秋は夕暮れ
夕暮れは、決して秋のものだけではありません。春の夕暮れも夏の夕暮れも冬の夕暮れも、それぞれ、心に響くものがあるでしょう。
それなのに、秋の夕暮れはどうにも特別な気がしてしまいます。
「秋は夕暮れ。夕日の差して山の端いと近うなりたるに、、、」
かの有名な清少納言による『枕草子』の一部分です。学校では必ず教科書で見ますし、授業中に暗記をさせられることもあったかもしれません。

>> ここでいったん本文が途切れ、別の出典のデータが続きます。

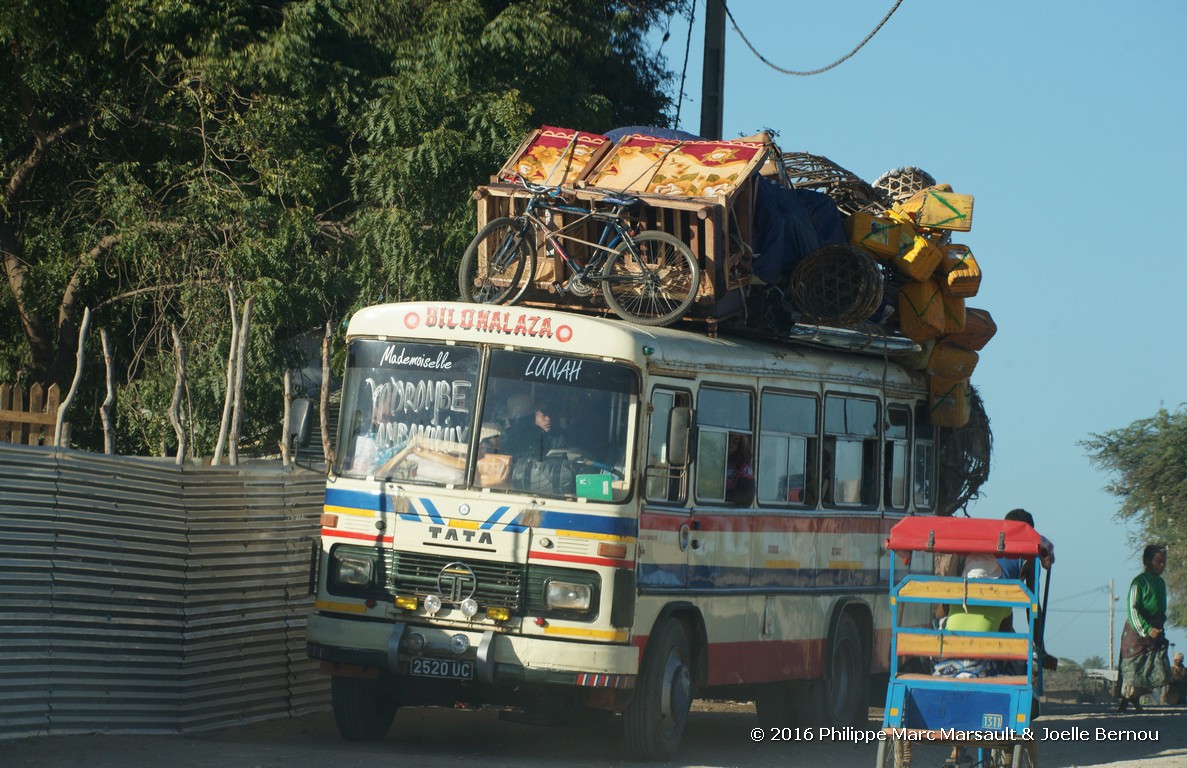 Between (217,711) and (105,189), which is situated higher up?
(105,189)

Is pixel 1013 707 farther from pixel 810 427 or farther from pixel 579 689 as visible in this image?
pixel 810 427

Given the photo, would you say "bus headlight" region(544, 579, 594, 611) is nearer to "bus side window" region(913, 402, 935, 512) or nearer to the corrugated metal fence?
the corrugated metal fence

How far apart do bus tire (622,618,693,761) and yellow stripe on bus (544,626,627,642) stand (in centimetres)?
49

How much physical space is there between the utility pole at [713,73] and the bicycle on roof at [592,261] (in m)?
6.47

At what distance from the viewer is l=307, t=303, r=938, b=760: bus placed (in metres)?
10.4

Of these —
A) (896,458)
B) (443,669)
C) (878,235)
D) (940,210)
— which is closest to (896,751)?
(443,669)

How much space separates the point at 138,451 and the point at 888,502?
27.7 feet

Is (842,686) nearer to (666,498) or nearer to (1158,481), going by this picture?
(666,498)

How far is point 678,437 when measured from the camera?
1052 cm

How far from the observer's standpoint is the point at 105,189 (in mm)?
17672

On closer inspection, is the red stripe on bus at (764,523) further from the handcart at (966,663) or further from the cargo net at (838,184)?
the cargo net at (838,184)

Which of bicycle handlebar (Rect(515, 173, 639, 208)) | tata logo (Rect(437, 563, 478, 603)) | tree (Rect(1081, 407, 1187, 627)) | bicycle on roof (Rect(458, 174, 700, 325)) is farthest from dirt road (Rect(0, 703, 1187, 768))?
tree (Rect(1081, 407, 1187, 627))

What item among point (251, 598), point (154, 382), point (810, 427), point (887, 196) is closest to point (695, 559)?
point (810, 427)

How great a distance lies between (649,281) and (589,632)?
9.67 feet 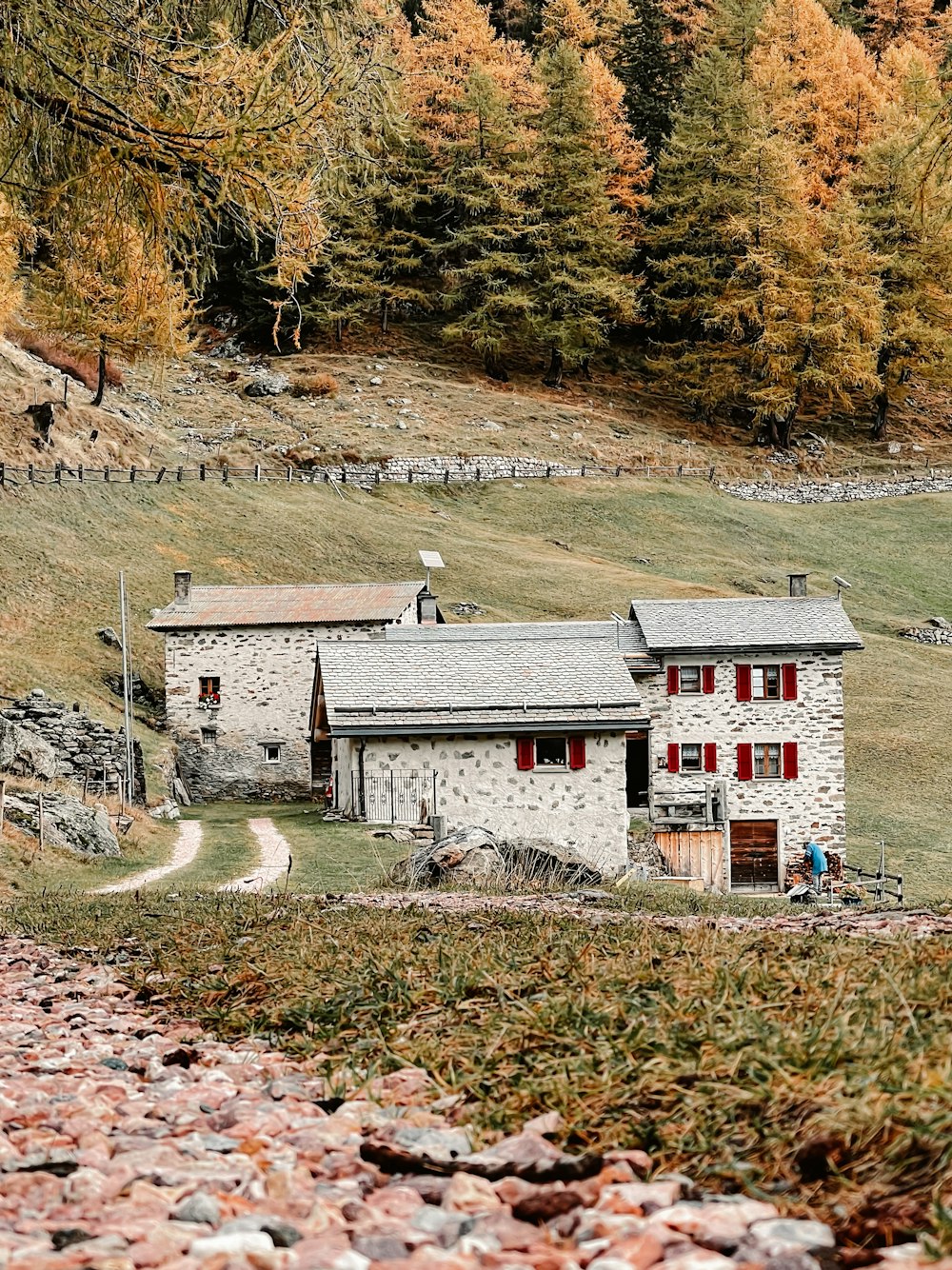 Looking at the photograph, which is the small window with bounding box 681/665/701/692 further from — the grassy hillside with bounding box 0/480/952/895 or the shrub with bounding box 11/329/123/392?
the shrub with bounding box 11/329/123/392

沈むゆくお日さまを眺めながら、つい、口ずさむかもしれませんね。
夏が終わってゆく寂しさ、冬がやってくる心細さ、まだまだ騒がしさの残る秋。それなのに、だんだんと静けさを感じるようになる秋。
夏と冬の合間のゆらぎの季節である秋。
暑くもあり、あたたかくもあり、涼しくもあり、寒くもある季節です。
秋は夕暮れ。
繰り返し音読し、繰り返し口ずさんだせいか、秋は夕暮れと自然と思い浮かびます。他にも、秋はたくさんあるんだからと探してみますが、夕暮れとセットで思い浮かんでしまいます。
橙色の柿、田畑を歩きまわる烏、緑が減っていく山野、ふさふさとしたススキの穂。
夕暮れがあたたかく包んでいる様子は、ほっとするような哀しいような気分になります。